I have now got the following servers/roles setup:

Server Name: CARBON  
Server IP: 192.168.1.52  
Server Role(s): Active Directory Domain Services + DNS Server  
(HP ProLiant DL360 G4 Intel Xeon 3.0GHz - 4GB of RAM)

Server Name: HYDROGEN
Server IP: 192.168.1.56
Server Role(s): None  
(HP ProLiant DL360 G4 Intel Xeon 3.0GHz - 4GB of RAM)  

Server Name: OXYGEN  
Server IP: 192.168.1.50  
Server Role(s): File Services    
(HP ProLiant ML110 G6 Intel Xeon 2.40GHz - 5GB of RAM)  

All workstations (Windows XP Professional SP3) have the following TCP/IP settings:

IP Address: 192.168.1.XX (Static)
Subnet Mask: 255.255.255.0
Gateway: 192.168.1.99

DNS Primary: 192.168.1.50  

The DNS Server (CARBON Server 192.168.1.52) has forwarders set to OpenDNS's IP addresses.

208.67.222.222
208.67.220.220

So - my question is:

  1. If I have a DNS server running on 192.168.1.52, should all of the workstations primary DNS be set to that IP rather than 192.168.1.50?

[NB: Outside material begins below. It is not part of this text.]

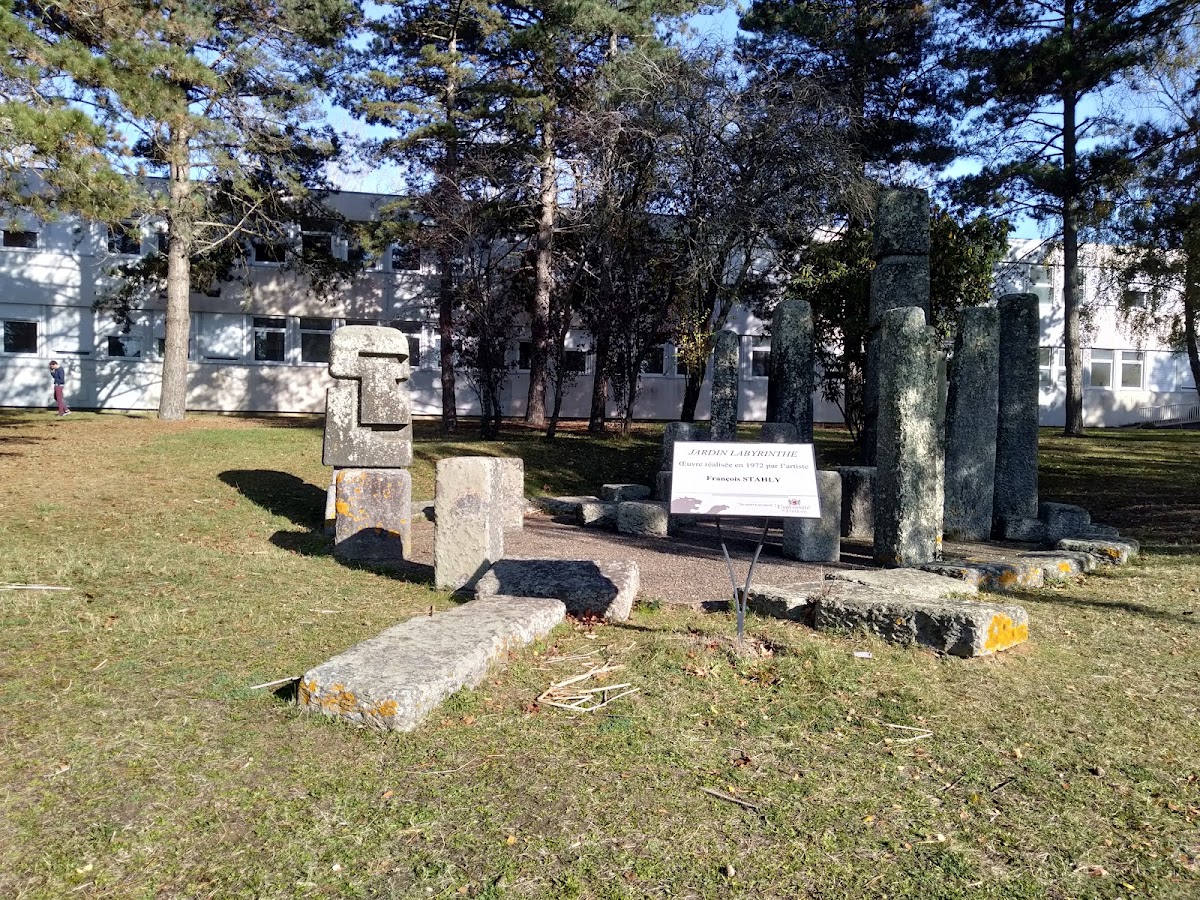 Université de Poitiers photo 4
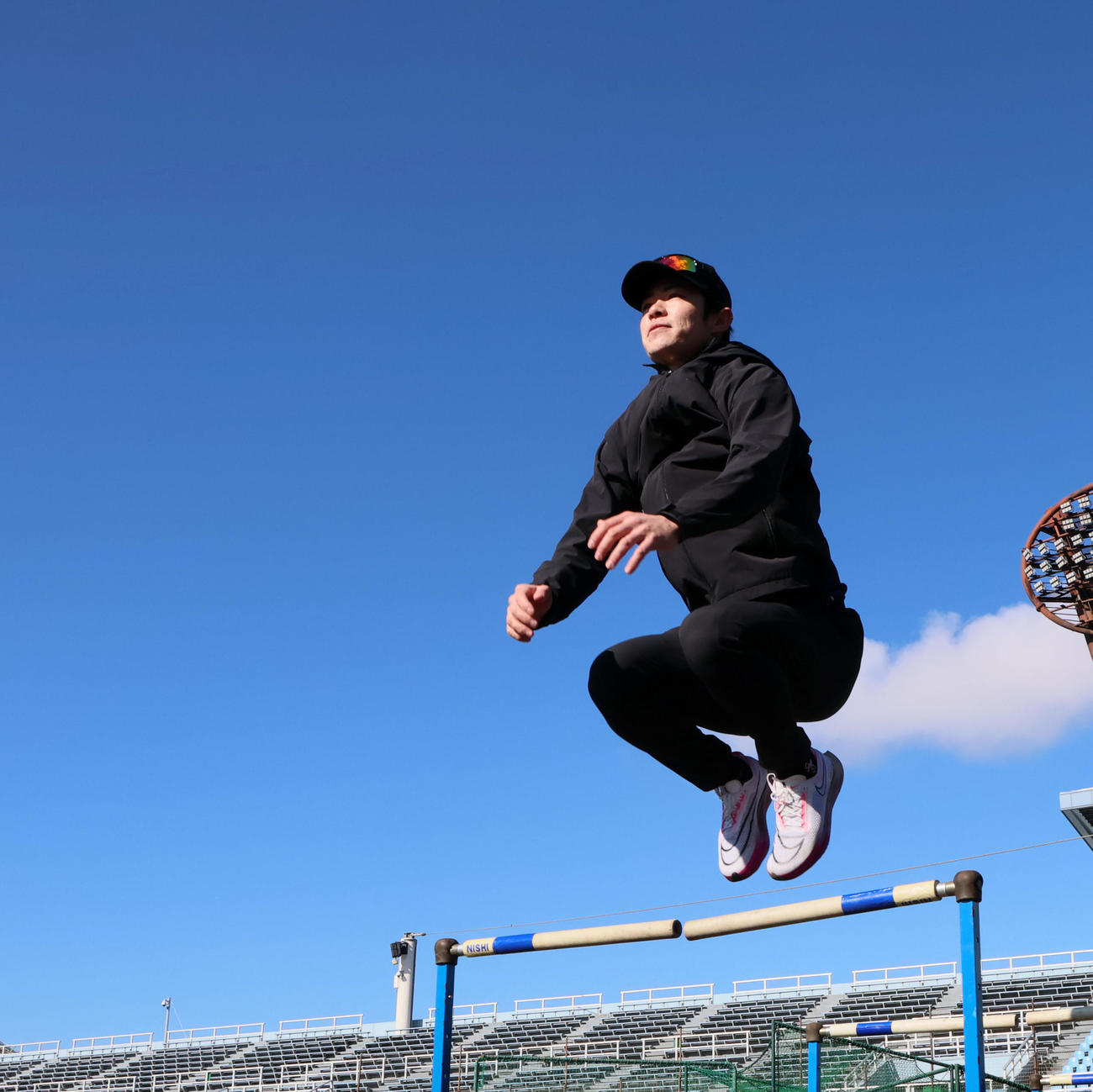 自主トレを公開しハードルを飛越する中野（撮影・加藤哉）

  2. On all other servers should the primary DNS be set to 192.168.1.52?

  3. On the DNS server itself, should the primary DNS be set to 127.0.0.1?

  4. If I make the server with no role (HYDROGEN 192.168.1.56) a Domain Controller as a backup - what should it's DNS settings be? Does it need to run a DNS server aswell?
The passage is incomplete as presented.